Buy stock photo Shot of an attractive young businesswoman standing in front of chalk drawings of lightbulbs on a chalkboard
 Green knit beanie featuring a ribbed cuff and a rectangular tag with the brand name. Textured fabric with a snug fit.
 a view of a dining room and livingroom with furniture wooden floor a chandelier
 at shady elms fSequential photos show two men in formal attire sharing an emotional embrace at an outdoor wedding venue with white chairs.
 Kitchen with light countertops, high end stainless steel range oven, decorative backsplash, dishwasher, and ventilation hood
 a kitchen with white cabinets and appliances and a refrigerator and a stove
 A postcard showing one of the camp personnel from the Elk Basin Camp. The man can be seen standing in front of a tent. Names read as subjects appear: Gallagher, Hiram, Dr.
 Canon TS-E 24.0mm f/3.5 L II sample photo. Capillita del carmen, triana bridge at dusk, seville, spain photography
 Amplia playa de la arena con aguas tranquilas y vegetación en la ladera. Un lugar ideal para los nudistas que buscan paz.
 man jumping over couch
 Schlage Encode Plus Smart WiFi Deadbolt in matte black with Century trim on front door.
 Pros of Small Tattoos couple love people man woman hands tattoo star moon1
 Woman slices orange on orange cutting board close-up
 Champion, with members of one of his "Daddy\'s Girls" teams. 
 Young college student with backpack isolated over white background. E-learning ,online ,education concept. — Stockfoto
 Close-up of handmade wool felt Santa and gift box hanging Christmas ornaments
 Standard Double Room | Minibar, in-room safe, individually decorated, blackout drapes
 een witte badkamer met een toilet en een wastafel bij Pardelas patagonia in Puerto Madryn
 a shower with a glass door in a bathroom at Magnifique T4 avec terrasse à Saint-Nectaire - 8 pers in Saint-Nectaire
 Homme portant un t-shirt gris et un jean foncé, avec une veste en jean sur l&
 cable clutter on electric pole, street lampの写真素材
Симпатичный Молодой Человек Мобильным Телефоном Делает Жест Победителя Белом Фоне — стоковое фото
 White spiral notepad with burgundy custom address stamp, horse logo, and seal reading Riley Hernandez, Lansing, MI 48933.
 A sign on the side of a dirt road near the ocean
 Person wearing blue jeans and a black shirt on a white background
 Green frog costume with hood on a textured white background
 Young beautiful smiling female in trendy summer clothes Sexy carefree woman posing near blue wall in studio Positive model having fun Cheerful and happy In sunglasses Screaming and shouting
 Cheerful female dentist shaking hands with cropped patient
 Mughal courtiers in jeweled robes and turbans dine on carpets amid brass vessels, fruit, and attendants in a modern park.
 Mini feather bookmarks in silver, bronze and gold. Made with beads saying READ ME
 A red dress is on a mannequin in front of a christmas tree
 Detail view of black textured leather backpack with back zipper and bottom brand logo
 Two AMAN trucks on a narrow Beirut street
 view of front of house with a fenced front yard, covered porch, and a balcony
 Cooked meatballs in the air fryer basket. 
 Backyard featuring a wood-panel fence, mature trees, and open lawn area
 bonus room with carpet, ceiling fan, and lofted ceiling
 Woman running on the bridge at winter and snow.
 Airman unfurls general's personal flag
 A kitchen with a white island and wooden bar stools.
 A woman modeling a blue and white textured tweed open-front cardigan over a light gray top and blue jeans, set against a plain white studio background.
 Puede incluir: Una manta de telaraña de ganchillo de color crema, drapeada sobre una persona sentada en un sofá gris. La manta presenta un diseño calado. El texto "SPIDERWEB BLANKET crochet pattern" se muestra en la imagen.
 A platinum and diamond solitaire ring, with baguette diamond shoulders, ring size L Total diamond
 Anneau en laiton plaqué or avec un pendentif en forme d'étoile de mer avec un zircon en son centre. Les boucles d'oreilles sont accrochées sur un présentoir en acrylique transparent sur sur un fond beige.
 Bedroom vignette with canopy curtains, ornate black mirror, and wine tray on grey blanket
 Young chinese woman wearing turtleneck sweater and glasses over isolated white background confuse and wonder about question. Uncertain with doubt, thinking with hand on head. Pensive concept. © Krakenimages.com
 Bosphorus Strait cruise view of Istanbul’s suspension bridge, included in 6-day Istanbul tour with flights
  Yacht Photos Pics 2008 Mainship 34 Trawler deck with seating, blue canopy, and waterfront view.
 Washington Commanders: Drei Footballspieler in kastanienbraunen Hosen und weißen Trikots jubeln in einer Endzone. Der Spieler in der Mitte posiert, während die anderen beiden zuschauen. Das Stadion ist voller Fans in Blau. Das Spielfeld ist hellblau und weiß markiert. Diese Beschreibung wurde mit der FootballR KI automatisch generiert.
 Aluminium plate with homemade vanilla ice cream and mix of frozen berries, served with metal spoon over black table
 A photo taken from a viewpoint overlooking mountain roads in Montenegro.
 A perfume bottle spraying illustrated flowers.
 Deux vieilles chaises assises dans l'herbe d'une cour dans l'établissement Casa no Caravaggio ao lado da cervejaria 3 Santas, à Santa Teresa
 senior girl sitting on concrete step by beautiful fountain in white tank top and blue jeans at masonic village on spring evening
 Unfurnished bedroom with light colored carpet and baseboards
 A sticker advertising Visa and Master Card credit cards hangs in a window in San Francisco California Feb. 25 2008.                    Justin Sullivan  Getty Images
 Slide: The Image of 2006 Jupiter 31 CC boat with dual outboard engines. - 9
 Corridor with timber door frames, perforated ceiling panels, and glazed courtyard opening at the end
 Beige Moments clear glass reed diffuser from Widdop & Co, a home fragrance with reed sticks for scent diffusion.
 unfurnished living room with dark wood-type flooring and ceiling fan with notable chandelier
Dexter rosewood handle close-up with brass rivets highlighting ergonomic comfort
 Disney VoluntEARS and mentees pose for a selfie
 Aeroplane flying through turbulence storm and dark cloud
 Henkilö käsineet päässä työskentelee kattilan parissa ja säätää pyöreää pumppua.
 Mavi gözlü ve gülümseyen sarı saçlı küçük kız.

What is expected:
In full and without alteration, output the listing.

Solution for this task:
Buy stock photo Shot of an attractive young businesswoman standing in front of chalk drawings of lightbulbs on a chalkboard
 Green knit beanie featuring a ribbed cuff and a rectangular tag with the brand name. Textured fabric with a snug fit.
 a view of a dining room and livingroom with furniture wooden floor a chandelier
 at shady elms fSequential photos show two men in formal attire sharing an emotional embrace at an outdoor wedding venue with white chairs.
 Kitchen with light countertops, high end stainless steel range oven, decorative backsplash, dishwasher, and ventilation hood
 a kitchen with white cabinets and appliances and a refrigerator and a stove
 A postcard showing one of the camp personnel from the Elk Basin Camp. The man can be seen standing in front of a tent. Names read as subjects appear: Gallagher, Hiram, Dr.
 Canon TS-E 24.0mm f/3.5 L II sample photo. Capillita del carmen, triana bridge at dusk, seville, spain photography
 Amplia playa de la arena con aguas tranquilas y vegetación en la ladera. Un lugar ideal para los nudistas que buscan paz.
 man jumping over couch
 Schlage Encode Plus Smart WiFi Deadbolt in matte black with Century trim on front door.
 Pros of Small Tattoos couple love people man woman hands tattoo star moon1
 Woman slices orange on orange cutting board close-up
 Champion, with members of one of his "Daddy\'s Girls" teams. 
 Young college student with backpack isolated over white background. E-learning ,online ,education concept. — Stockfoto
 Close-up of handmade wool felt Santa and gift box hanging Christmas ornaments
 Standard Double Room | Minibar, in-room safe, individually decorated, blackout drapes
 een witte badkamer met een toilet en een wastafel bij Pardelas patagonia in Puerto Madryn
 a shower with a glass door in a bathroom at Magnifique T4 avec terrasse à Saint-Nectaire - 8 pers in Saint-Nectaire
 Homme portant un t-shirt gris et un jean foncé, avec une veste en jean sur l&
 cable clutter on electric pole, street lampの写真素材
Симпатичный Молодой Человек Мобильным Телефоном Делает Жест Победителя Белом Фоне — стоковое фото
 White spiral notepad with burgundy custom address stamp, horse logo, and seal reading Riley Hernandez, Lansing, MI 48933.
 A sign on the side of a dirt road near the ocean
 Person wearing blue jeans and a black shirt on a white background
 Green frog costume with hood on a textured white background
 Young beautiful smiling female in trendy summer clothes Sexy carefree woman posing near blue wall in studio Positive model having fun Cheerful and happy In sunglasses Screaming and shouting
 Cheerful female dentist shaking hands with cropped patient
 Mughal courtiers in jeweled robes and turbans dine on carpets amid brass vessels, fruit, and attendants in a modern park.
 Mini feather bookmarks in silver, bronze and gold. Made with beads saying READ ME
 A red dress is on a mannequin in front of a christmas tree
 Detail view of black textured leather backpack with back zipper and bottom brand logo
 Two AMAN trucks on a narrow Beirut street
 view of front of house with a fenced front yard, covered porch, and a balcony
 Cooked meatballs in the air fryer basket. 
 Backyard featuring a wood-panel fence, mature trees, and open lawn area
 bonus room with carpet, ceiling fan, and lofted ceiling
 Woman running on the bridge at winter and snow.
 Airman unfurls general's personal flag
 A kitchen with a white island and wooden bar stools.
 A woman modeling a blue and white textured tweed open-front cardigan over a light gray top and blue jeans, set against a plain white studio background.
 Puede incluir: Una manta de telaraña de ganchillo de color crema, drapeada sobre una persona sentada en un sofá gris. La manta presenta un diseño calado. El texto "SPIDERWEB BLANKET crochet pattern" se muestra en la imagen.
 A platinum and diamond solitaire ring, with baguette diamond shoulders, ring size L Total diamond
 Anneau en laiton plaqué or avec un pendentif en forme d'étoile de mer avec un zircon en son centre. Les boucles d'oreilles sont accrochées sur un présentoir en acrylique transparent sur sur un fond beige.
 Bedroom vignette with canopy curtains, ornate black mirror, and wine tray on grey blanket
 Young chinese woman wearing turtleneck sweater and glasses over isolated white background confuse and wonder about question. Uncertain with doubt, thinking with hand on head. Pensive concept. © Krakenimages.com
 Bosphorus Strait cruise view of Istanbul’s suspension bridge, included in 6-day Istanbul tour with flights
  Yacht Photos Pics 2008 Mainship 34 Trawler deck with seating, blue canopy, and waterfront view.
 Washington Commanders: Drei Footballspieler in kastanienbraunen Hosen und weißen Trikots jubeln in einer Endzone. Der Spieler in der Mitte posiert, während die anderen beiden zuschauen. Das Stadion ist voller Fans in Blau. Das Spielfeld ist hellblau und weiß markiert. Diese Beschreibung wurde mit der FootballR KI automatisch generiert.
 Aluminium plate with homemade vanilla ice cream and mix of frozen berries, served with metal spoon over black table
 A photo taken from a viewpoint overlooking mountain roads in Montenegro.
 A perfume bottle spraying illustrated flowers.
 Deux vieilles chaises assises dans l'herbe d'une cour dans l'établissement Casa no Caravaggio ao lado da cervejaria 3 Santas, à Santa Teresa
 senior girl sitting on concrete step by beautiful fountain in white tank top and blue jeans at masonic village on spring evening
 Unfurnished bedroom with light colored carpet and baseboards
 A sticker advertising Visa and Master Card credit cards hangs in a window in San Francisco California Feb. 25 2008.                    Justin Sullivan  Getty Images
 Slide: The Image of 2006 Jupiter 31 CC boat with dual outboard engines. - 9
 Corridor with timber door frames, perforated ceiling panels, and glazed courtyard opening at the end
 Beige Moments clear glass reed diffuser from Widdop & Co, a home fragrance with reed sticks for scent diffusion.
 unfurnished living room with dark wood-type flooring and ceiling fan with notable chandelier
Dexter rosewood handle close-up with brass rivets highlighting ergonomic comfort
 Disney VoluntEARS and mentees pose for a selfie
 Aeroplane flying through turbulence storm and dark cloud
 Henkilö käsineet päässä työskentelee kattilan parissa ja säätää pyöreää pumppua.
 Mavi gözlü ve gülümseyen sarı saçlı küçük kız.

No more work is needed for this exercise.